### Task instructions
Could you repeat the whole listing below exactly, omitting any picture it holds?

==== Recorded information

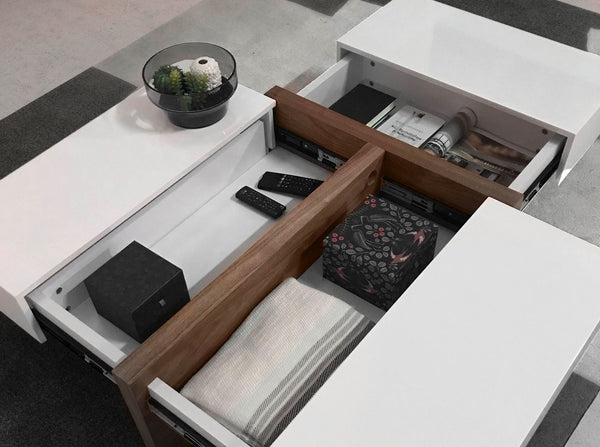 Rectangular coffee table in walnut and white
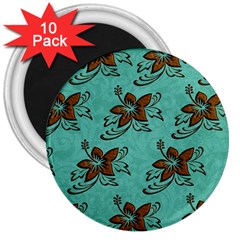 Chocolate Background Floral Pattern 3  Magnets (10 Pack)  by Nexatart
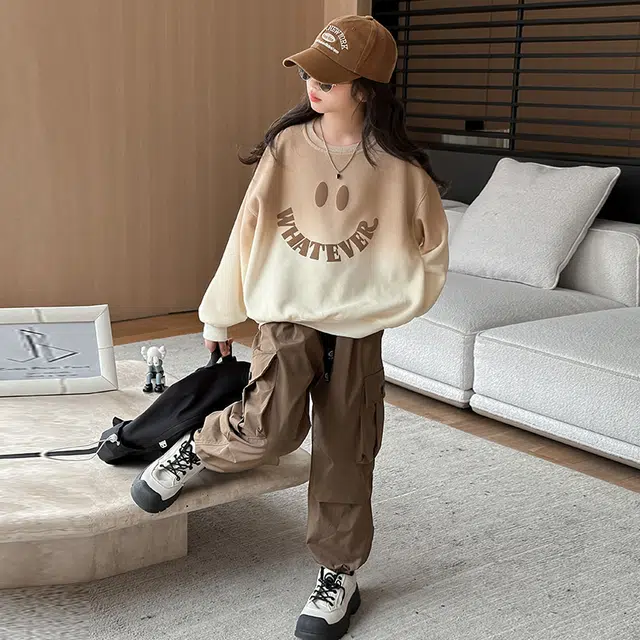 天才小熊休闲运动套装 女童春秋季大童潮牌小孩衣服 小女孩短袖洋气时髦 舒适帅气轻便时尚潮流百搭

========

### Solution for this problem
 Rectangular coffee table in walnut and white
 Chocolate Background Floral Pattern 3  Magnets (10 Pack)  by Nexatart
 天才小熊休闲运动套装 女童春秋季大童潮牌小孩衣服 小女孩短袖洋气时髦 舒适帅气轻便时尚潮流百搭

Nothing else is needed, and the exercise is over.